On Tue, Jan 7, 2020 at 5:15 PM Amit Langote <amitlangote09@gmail.com> wrote:
>
> On Fri, Dec 27, 2019 at 4:26 AM Tom Lane <tgl@sss.pgh.pa.us> wrote:
> > Fujii Masao <masao.fujii@gmail.com> writes:
> > > My customer reported me that the queries through a partitioned table
> > > ignore each partition's SELECT, INSERT, UPDATE, and DELETE privileges,
> > > on the other hand, only TRUNCATE privilege specified for each partition
> > > is applied. I'm not sure if this behavior is expected or not. But anyway
> > > is it better to document that?
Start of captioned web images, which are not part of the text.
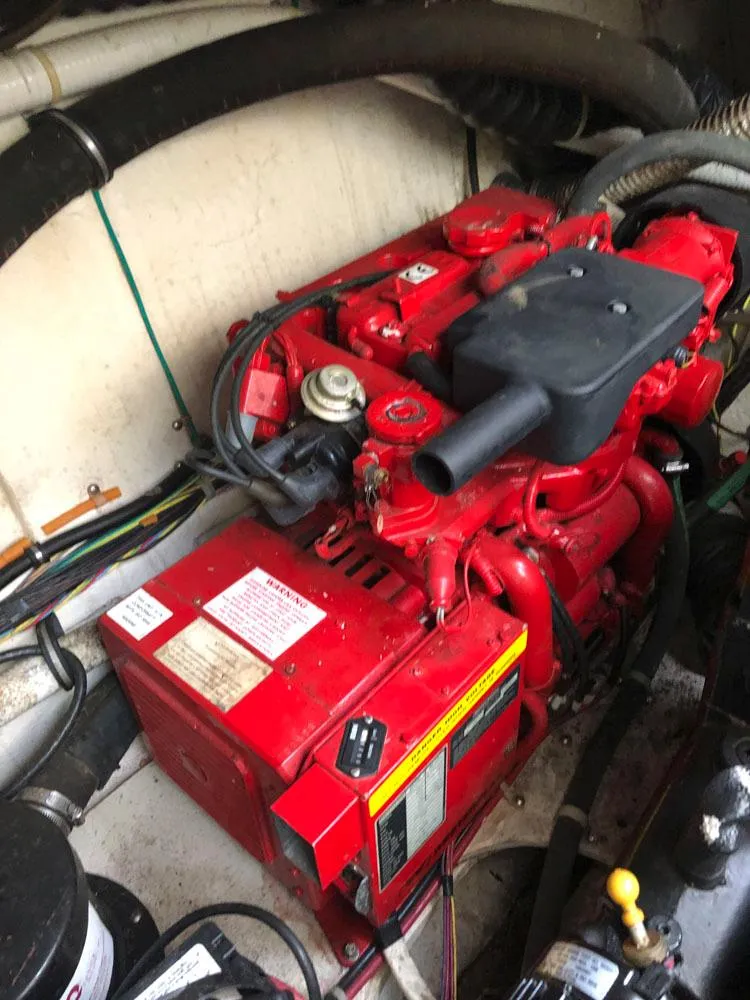 Slide: The Image of Engine compartment of a 2002 Maxum 3300 SCR boat, featuring a red engine. - 21
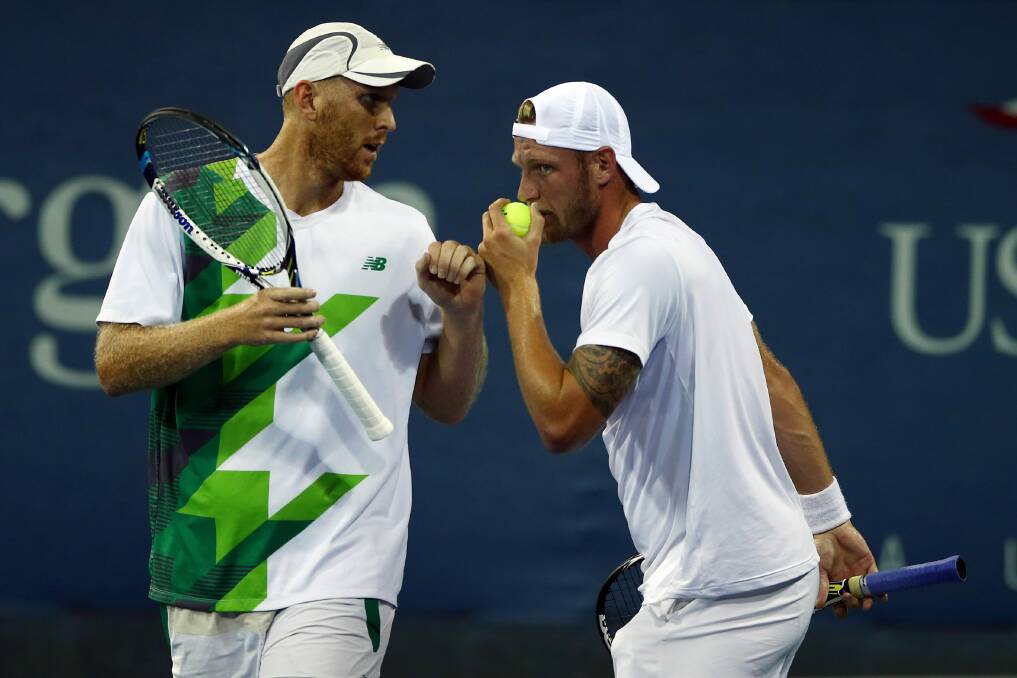 Chris Guccione and Sam Groth discuss tactics during their win over Jonathan Marray and Gilles Muller in the first round of the US Open men’s doubles at Flushing Meadows last week. The pair are in Australia’s Davis Cup team. Picture: GETTY IMAGES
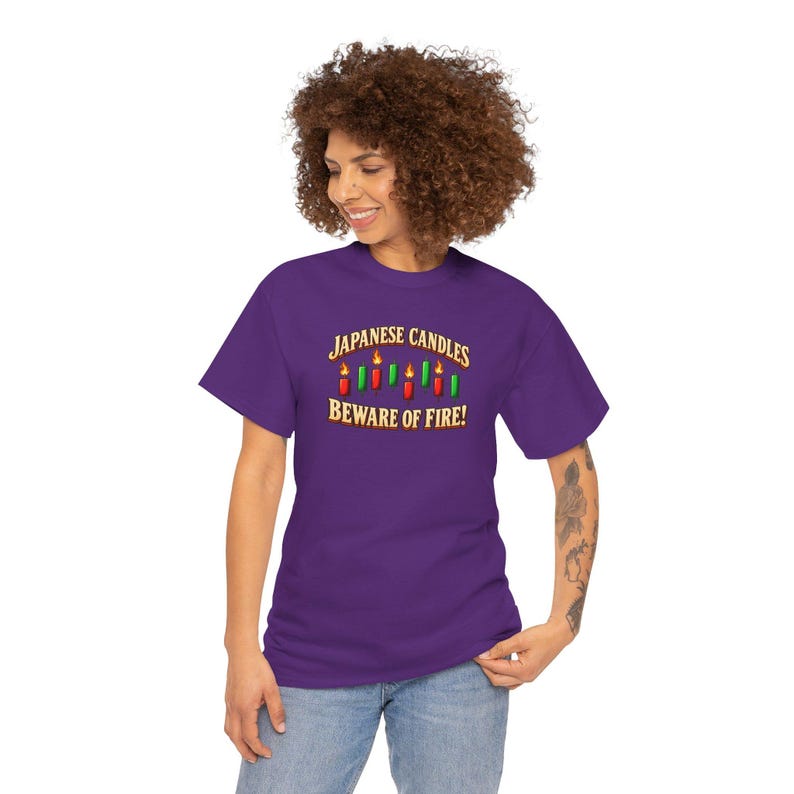 May include: A purple short-sleeve t-shirt featuring a graphic of red and green Japanese candle sticks with flames. The text reads JAPANESE CANDLES BEWARE OF FIRE! in a gold-coloured font. The shirt has a crew neckline and a standard fit.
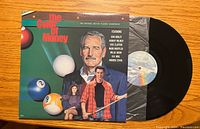 Front of The Color of Money vinyl record cover with artwork depicting billiard balls and main actors.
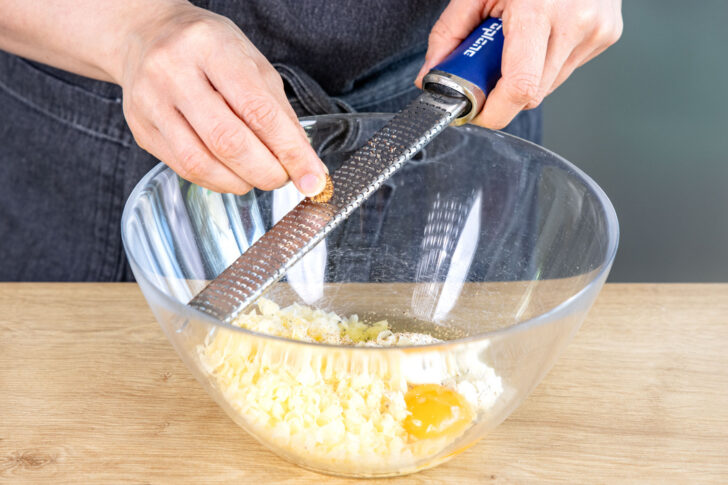 Frischkäse, Bergkäse, Ei und Gewürze vermengen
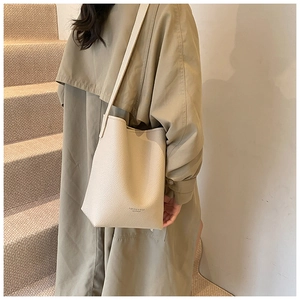 Chic cream bucket bag with lychee texture and gold-stamped lettering on a model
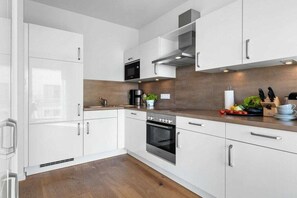 A modern kitchen with white cabinets, a stainless steel oven, and a microwave. - Apartment in Olpenitz with swimming pool (Olpenitz)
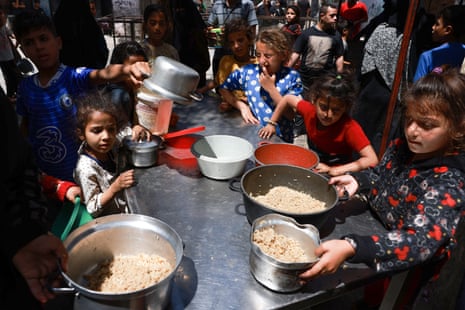Displaced Palestinian children line up to receive food in Rafah, on the southern Gaza Strip on 19 April 2024.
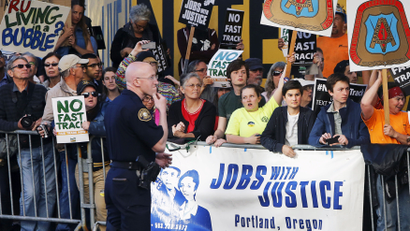 Protesters, many against the so-called fast track trade authority of the Trans-Pacific Partnership (TPP) trade agreement, rally outside the hotel where U.S. President Barack Obama is participating in a Democratic National Committee (DNC) event in Portland, Oregon May 7, 2015.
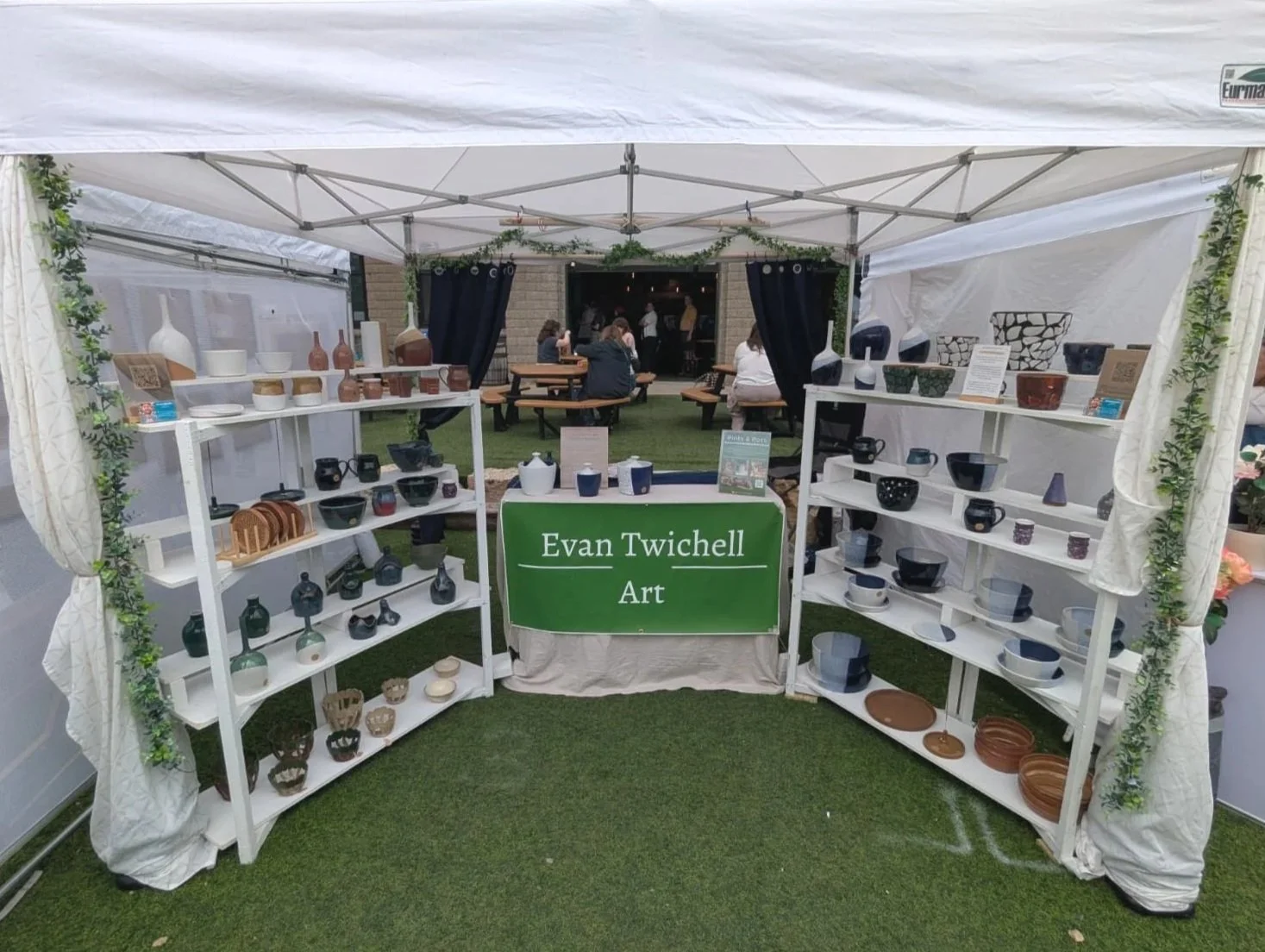 A man in green t-shirt and shorts standing at a vendor booth with ceramic and pottery items and a blackboard sign that reads "Evan Twichell Ceramics" at the Powderhorn Art Fair.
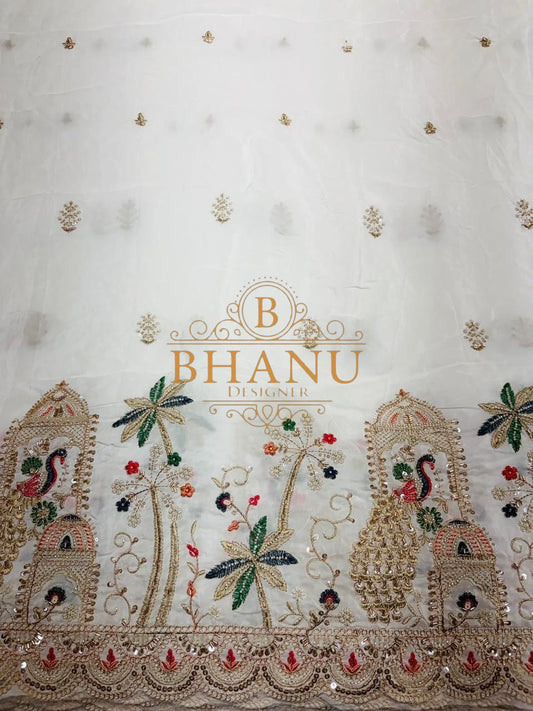 Cream with peacock and tree embroidery along the hem - fabric by the metre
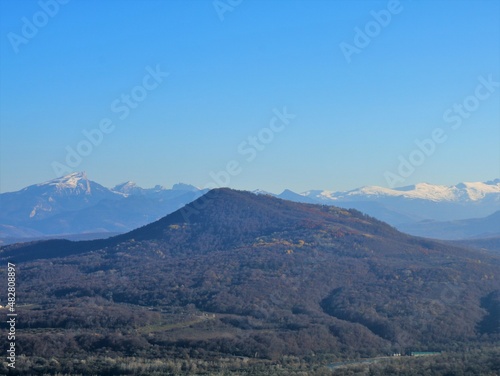 view from a high vantage point of a plateau with a rock against the background of the snowy peaks of the Caucasus Mountains in a foggy distance and the pinkish light of the winter sun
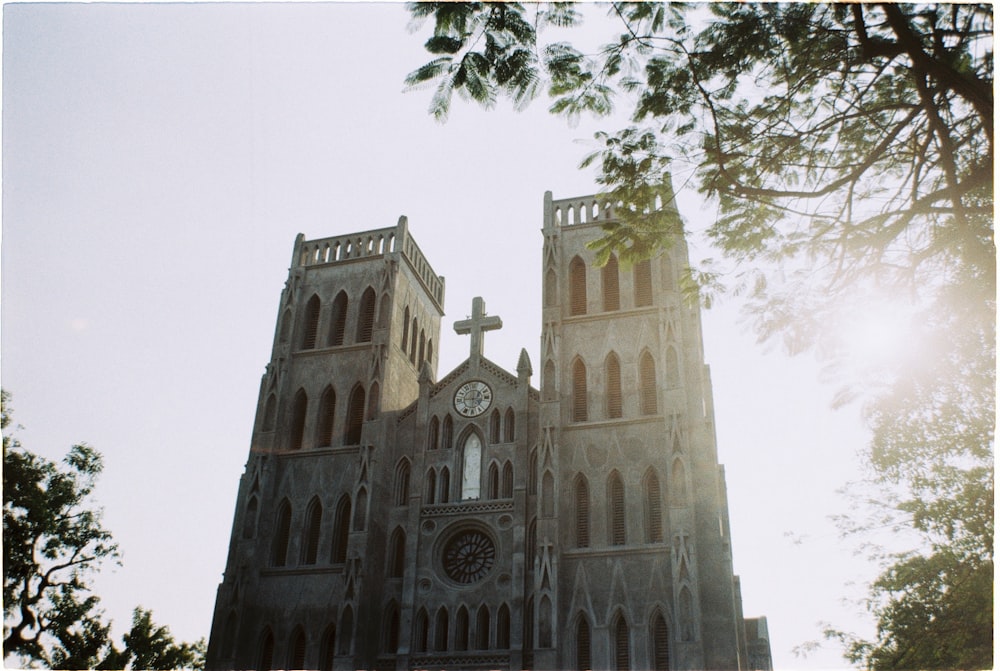 a large cathedral with a clock on the front of it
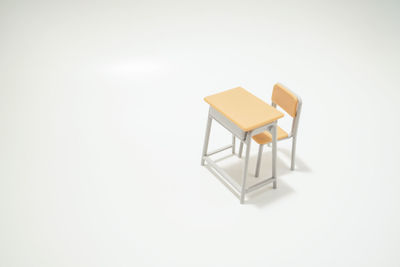 Empty chairs against white background
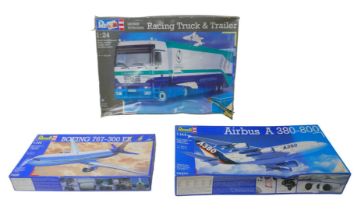 Three Revell model kits, including a 1:24 Racing truck and trailer kit, with original boxes. (3)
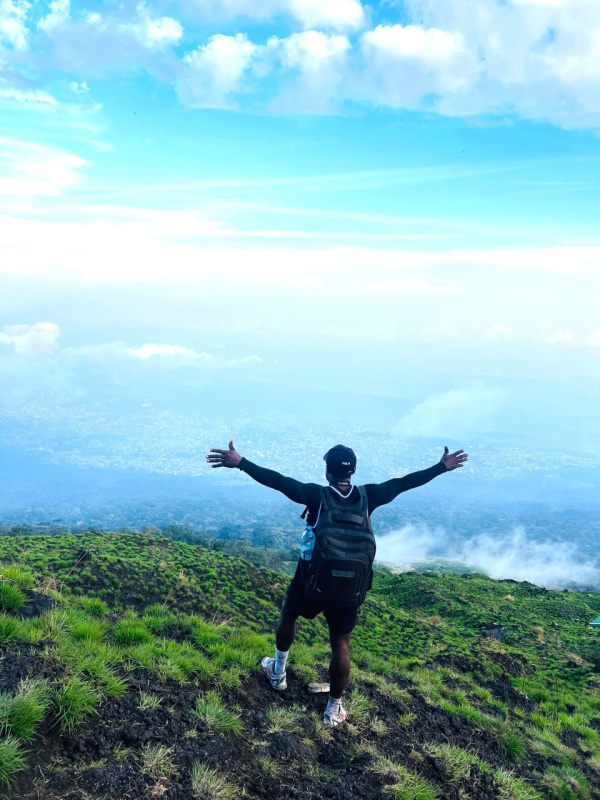 young mountain hiker happily descending mount Cameroon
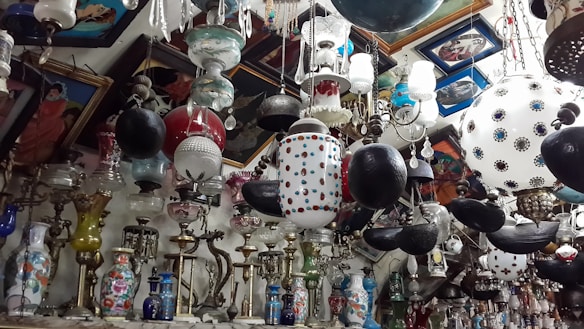 A crowded interior space filled with a variety of hanging lamps and chandeliers, featuring ornate designs and a mix of colors and materials. The walls are adorned with framed paintings. The collection includes vases and other decorative pieces arranged closely together.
For example,
> >
> > > Access privileges may be defined and removed separately for each partition.
> > > But note that queries through a partitioned table ignore each partition's
> > > SELECT, INSERT, UPDATE and DELETE privileges, and apply only TRUNCATE one.
> >
> > I believe it's intentional that we only check access privileges on
> > the table explicitly named in the query. So I'd say SELECT etc
> > are doing the right thing, and if TRUNCATE isn't in step with them
> > that's a bug to fix, not something to document.
>
> I tend to agree that TRUNCATE's permission model for inheritance
> should be consistent with that for the other commands. How about the
> attached patch toward that end?
Thanks for the patch!
The patch basically looks good to me.
+GRANT SELECT (f1, fz), UPDATE (fz) ON atestc TO regress_priv_user2;
+REVOKE TRUNCATE ON atestc FROM regress_priv_user2;
These seem not to be necessary for the test.
BTW, I found that LOCK TABLE on the parent table checks the permission
of its child tables. This also needs to be fixed (as a separate patch)?